What to do: With the pictures omitted, print exactly the lines below, from the one containing "Early SA Service" through the one containing "KIT PISTON HONDA", and nothing else.

Dataset records:
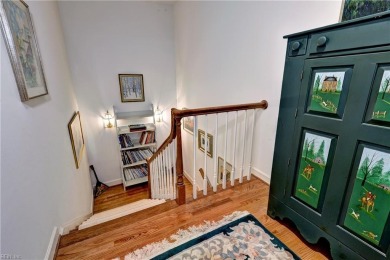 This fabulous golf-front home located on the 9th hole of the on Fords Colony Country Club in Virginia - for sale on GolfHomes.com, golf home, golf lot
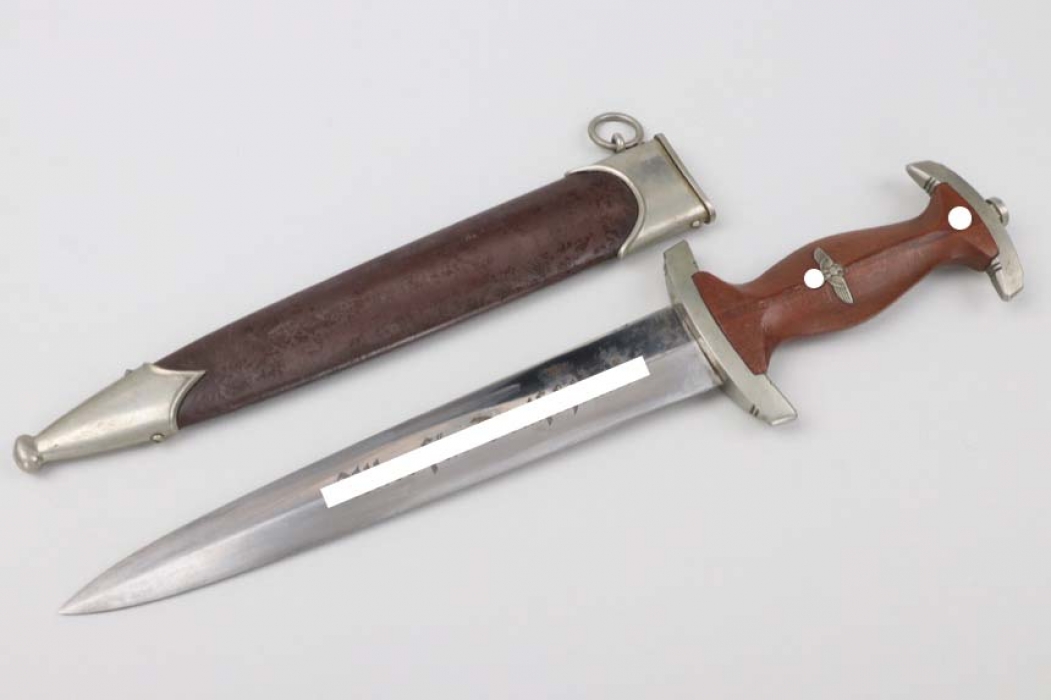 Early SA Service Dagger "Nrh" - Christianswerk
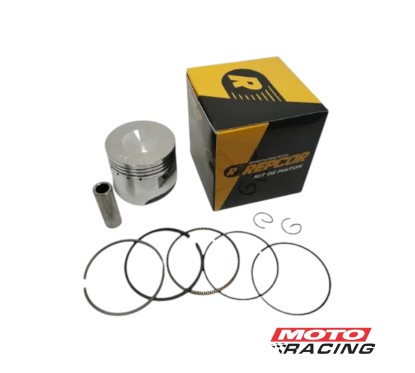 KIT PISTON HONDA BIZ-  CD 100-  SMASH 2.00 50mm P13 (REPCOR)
* * *
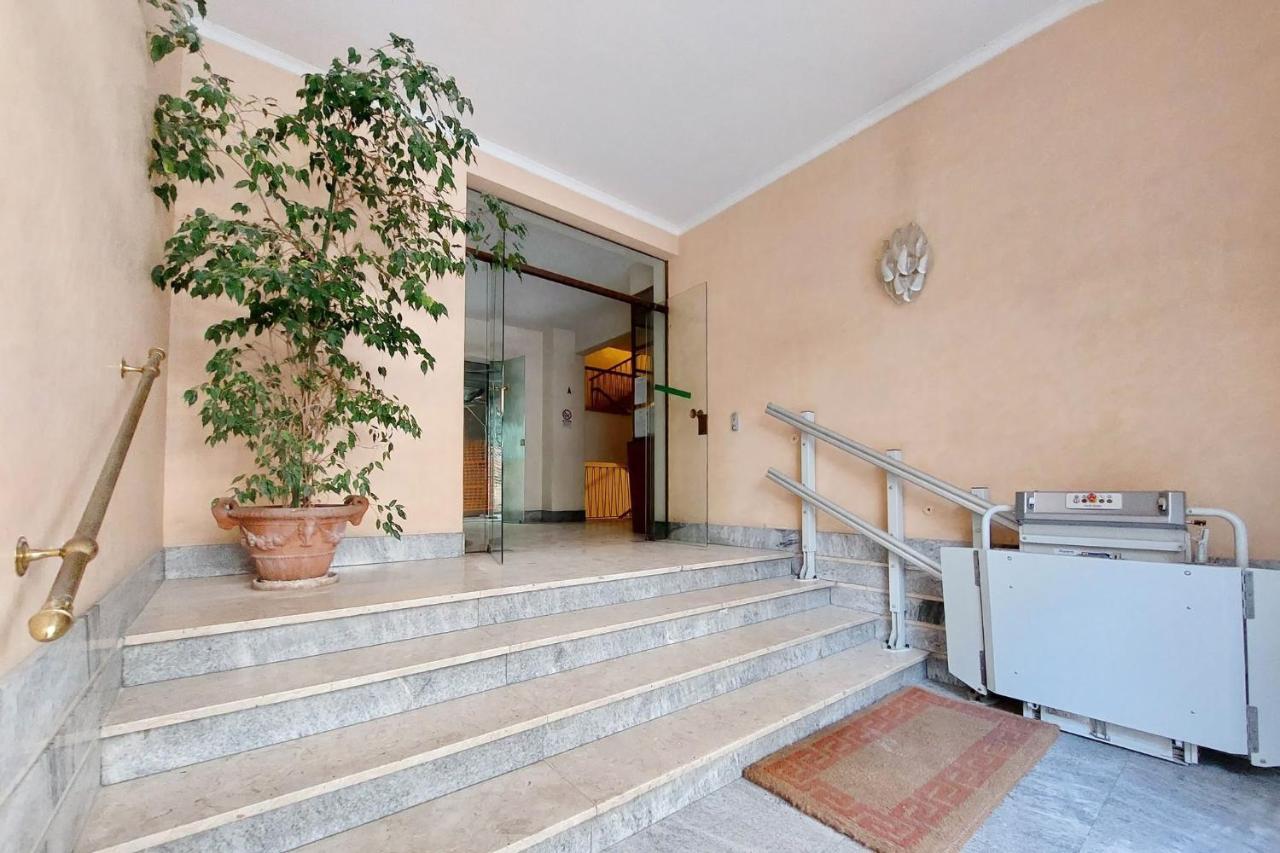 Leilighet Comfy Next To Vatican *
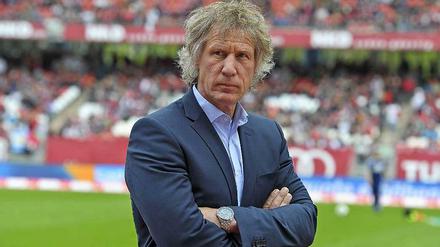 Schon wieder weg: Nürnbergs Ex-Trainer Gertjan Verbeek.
* * *
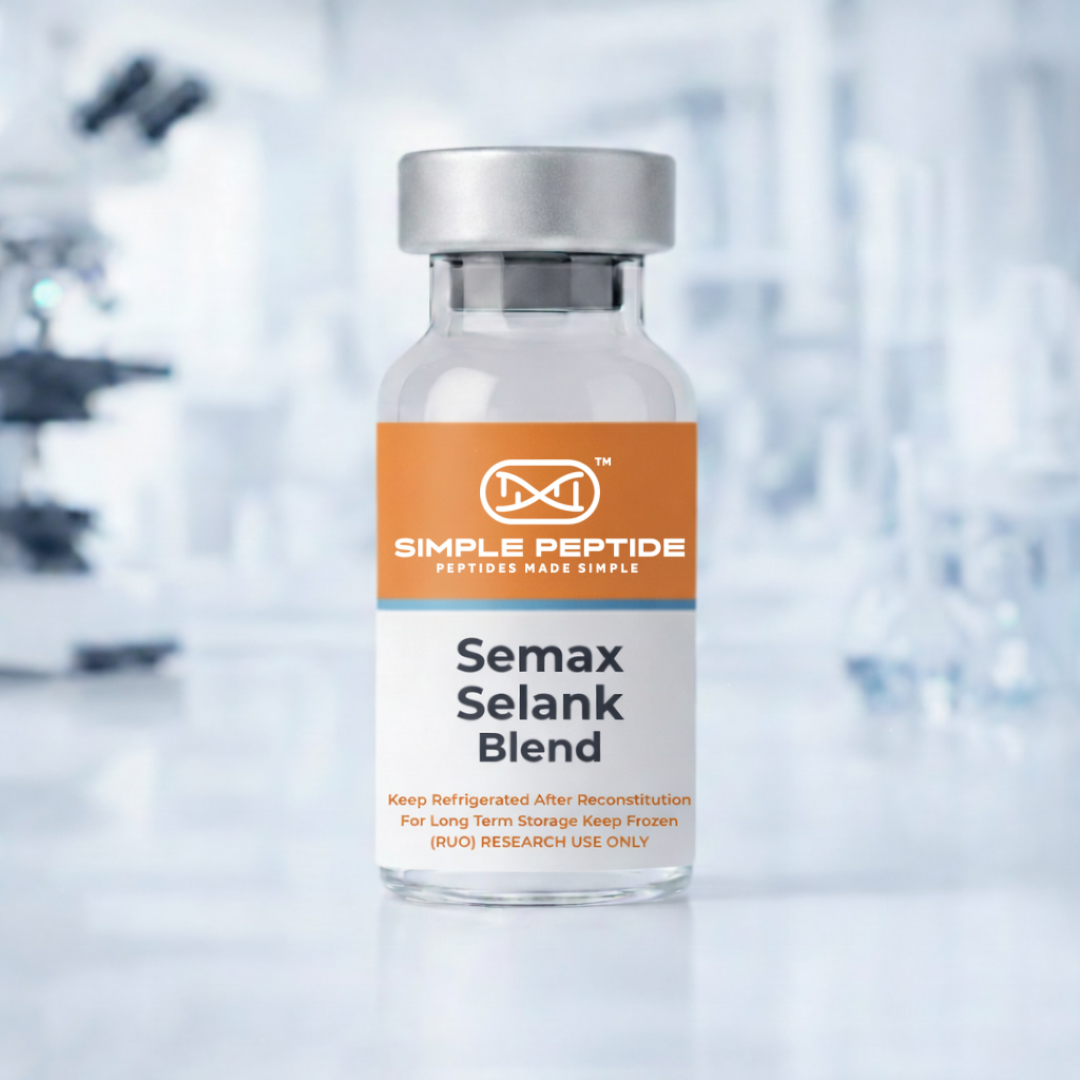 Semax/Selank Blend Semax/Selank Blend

Response to the task:
 Early SA Service Dagger "Nrh" - Christianswerk
 KIT PISTON HONDA BIZ-  CD 100-  SMASH 2.00 50mm P13 (REPCOR)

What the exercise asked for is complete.